Strona główna • Polskie Skoki Narciarskie

Willingen miejscem przyjaznym Stochowi? "Każdy sezon to inna historia"

- Willingen jest jedną z przyjemniejszych skoczni, przede wszystkim to duży obiekt. Jeżeli panują tam dobre i stabilne warunki, wówczas można super skakać i zawody są na wysokim poziomie, a do tego przyjemne dla oka kibica - mówi Kamil Stoch przed wyjazdem do Hesji. W ostatni weekend stycznia odbędzie się tam mini-cykl Willingen Six. Polak liczy na przełamanie po trzech konkursach zakończonych poza czołową "10".

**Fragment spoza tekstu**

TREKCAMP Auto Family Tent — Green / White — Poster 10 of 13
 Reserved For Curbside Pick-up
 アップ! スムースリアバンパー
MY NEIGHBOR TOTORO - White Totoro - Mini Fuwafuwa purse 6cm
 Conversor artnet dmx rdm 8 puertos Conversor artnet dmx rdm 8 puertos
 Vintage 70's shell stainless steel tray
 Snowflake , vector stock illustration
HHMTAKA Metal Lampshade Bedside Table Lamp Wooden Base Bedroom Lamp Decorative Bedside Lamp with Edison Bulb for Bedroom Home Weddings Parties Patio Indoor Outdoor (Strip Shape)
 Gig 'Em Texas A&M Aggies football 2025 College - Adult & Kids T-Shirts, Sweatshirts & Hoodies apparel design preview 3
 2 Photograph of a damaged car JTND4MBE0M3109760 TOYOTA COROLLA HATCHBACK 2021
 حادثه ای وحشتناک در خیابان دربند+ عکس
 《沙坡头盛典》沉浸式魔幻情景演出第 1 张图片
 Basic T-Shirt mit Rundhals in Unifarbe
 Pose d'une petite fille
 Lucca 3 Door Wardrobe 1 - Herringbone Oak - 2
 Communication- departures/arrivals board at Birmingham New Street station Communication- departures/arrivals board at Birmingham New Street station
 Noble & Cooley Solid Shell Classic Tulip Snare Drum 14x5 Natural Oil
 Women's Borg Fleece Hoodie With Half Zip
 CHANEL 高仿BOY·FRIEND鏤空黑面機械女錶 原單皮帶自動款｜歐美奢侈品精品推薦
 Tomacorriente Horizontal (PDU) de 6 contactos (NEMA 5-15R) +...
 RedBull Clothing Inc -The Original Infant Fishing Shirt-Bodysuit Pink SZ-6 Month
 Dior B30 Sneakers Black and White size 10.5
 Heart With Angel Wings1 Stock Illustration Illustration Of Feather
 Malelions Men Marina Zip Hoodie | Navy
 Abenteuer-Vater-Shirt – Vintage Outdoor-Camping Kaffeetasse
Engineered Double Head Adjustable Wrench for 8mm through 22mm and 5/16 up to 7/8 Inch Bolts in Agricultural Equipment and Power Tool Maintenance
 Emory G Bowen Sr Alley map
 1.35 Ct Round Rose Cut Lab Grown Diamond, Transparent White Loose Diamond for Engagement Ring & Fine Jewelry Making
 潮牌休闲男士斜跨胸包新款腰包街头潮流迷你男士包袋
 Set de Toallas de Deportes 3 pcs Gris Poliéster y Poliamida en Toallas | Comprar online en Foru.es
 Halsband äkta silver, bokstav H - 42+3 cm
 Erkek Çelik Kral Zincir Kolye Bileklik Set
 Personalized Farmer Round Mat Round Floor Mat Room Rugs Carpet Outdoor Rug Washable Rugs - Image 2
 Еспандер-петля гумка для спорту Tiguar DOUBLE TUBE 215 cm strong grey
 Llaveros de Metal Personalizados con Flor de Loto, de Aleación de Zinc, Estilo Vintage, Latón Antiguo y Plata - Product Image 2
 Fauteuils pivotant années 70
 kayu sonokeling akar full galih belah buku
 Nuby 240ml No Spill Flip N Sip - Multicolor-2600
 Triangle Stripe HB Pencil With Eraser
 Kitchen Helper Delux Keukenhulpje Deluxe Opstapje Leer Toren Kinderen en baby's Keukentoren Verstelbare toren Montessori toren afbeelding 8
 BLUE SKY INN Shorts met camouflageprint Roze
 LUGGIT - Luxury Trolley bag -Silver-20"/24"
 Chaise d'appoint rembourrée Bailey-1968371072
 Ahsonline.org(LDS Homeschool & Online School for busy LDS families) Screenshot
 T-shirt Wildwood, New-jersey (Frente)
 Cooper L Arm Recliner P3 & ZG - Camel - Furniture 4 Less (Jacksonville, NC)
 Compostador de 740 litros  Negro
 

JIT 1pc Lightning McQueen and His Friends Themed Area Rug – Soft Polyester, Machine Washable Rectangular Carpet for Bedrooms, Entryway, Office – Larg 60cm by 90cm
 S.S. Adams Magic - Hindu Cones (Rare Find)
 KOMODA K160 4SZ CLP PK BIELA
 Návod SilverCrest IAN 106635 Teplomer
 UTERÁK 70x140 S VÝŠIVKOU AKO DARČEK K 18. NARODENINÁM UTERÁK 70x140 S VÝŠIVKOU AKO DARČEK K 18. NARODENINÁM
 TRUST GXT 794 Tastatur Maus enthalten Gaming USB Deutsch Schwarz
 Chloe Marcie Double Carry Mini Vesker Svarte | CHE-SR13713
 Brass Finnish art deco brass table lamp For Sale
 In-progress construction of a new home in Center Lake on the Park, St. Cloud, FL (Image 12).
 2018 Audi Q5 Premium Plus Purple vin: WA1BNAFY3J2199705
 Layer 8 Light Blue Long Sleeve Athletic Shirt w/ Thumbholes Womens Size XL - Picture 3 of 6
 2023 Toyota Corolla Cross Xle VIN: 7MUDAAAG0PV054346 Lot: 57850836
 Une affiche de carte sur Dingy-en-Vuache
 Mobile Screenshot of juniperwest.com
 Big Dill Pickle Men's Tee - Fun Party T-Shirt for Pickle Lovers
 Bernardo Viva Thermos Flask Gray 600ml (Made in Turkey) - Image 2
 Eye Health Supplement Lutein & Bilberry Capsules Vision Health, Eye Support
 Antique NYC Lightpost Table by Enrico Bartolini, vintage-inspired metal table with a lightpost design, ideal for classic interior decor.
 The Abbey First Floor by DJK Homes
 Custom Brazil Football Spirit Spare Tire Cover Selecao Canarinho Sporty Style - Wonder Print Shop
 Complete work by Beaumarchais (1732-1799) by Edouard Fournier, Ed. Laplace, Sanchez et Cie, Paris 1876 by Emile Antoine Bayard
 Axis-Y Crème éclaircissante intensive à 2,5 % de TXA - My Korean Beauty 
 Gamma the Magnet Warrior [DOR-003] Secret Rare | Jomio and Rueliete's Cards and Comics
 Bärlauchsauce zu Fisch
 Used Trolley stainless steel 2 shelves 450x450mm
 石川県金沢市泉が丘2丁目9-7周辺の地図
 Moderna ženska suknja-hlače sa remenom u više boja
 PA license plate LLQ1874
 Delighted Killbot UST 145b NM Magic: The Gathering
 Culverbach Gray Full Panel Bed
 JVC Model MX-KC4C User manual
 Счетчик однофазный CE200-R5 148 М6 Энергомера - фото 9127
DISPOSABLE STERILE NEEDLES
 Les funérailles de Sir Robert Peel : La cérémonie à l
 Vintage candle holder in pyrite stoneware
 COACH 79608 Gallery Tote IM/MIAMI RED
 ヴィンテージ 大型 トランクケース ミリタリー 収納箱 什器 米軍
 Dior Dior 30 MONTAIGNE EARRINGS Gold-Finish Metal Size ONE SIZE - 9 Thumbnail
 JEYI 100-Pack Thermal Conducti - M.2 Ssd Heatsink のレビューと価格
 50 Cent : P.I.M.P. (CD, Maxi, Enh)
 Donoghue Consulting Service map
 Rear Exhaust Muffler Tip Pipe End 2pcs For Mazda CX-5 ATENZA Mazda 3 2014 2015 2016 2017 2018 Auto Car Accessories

- Problem cały czas tkwi w pozycji najazdowej. Tam jest jeszcze wiele do zrobienia. Wydawało mi się, że skoki są w porządku, ale jeden dziennikarz, mówiąc o moich najgorszych prędkościach najazdowych, sprowadził mnie na ziemię. W ogóle tego nie zarejestrowałem, a do tego odległości nie były dobre. Coś umykało, w skokach zabrakło powera - mówi trzykrotny mistrz olimpijski o swoim indywidualnym występie w Lahti.

Trener Doležal dostrzega niedzielne problemy polskich skoczków, którzy od trzech tygodni właśnie tego dnia wypadają najgorzej podczas pucharowego weekendu. - Nie odczuwam zjazdów energetycznych, chodzi o kwestie techniczne. Gdyby tutaj wszystko było poukładane, z energią też nie byłoby problemu - odpowiada Stoch.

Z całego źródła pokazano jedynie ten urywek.